*Task item*
Verbatim copy, pictures excluded: every line from the one with "A close-up of" through the final line of the data below, and no other line.

*Data segment*
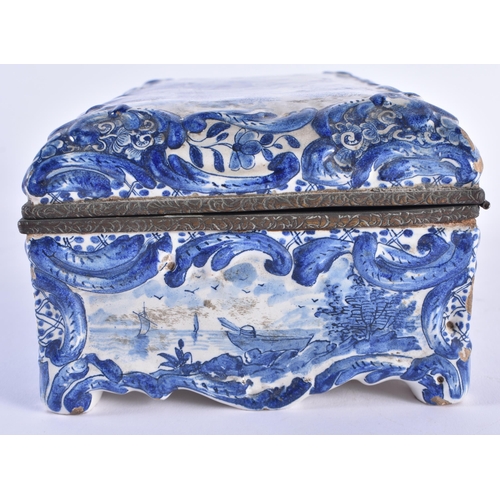 129 - A 19TH CENTURY DUTCH DELFT TIN GLAZED POTTERY CASKET painted with figures within a landscape. 20 cm ... 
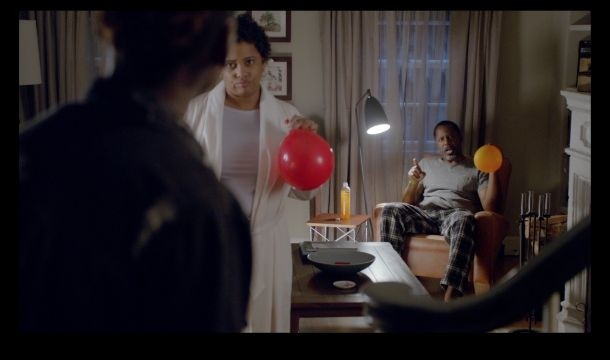 In a still from the new Sparkling ICE ad campaign, a teenage boy creeps into the house after a late night, and is challenged by his parents - and the family dog, who have been inhaling helium from balloons...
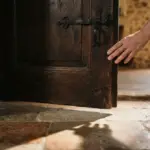 A close-up of a hand pausing at the threshold of a sturdy, slightly ajar dark wooden door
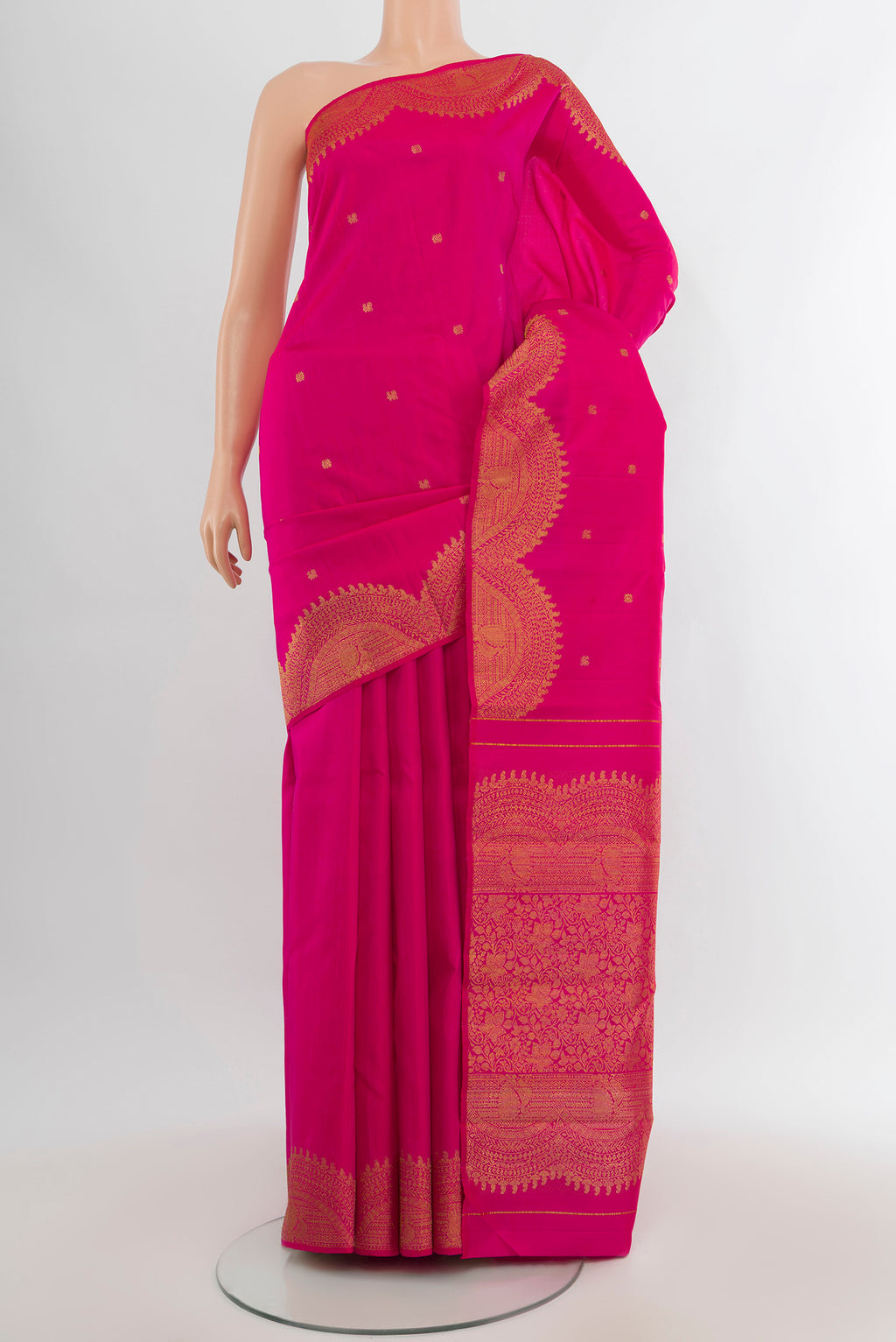 Rani Pink Kanjivaram Silk Saree with Zari Butta on the body and Fancy Border.  displayed on a mannequin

*Written reply*
 A close-up of a hand pausing at the threshold of a sturdy, slightly ajar dark wooden door
 Rani Pink Kanjivaram Silk Saree with Zari Butta on the body and Fancy Border.  displayed on a mannequin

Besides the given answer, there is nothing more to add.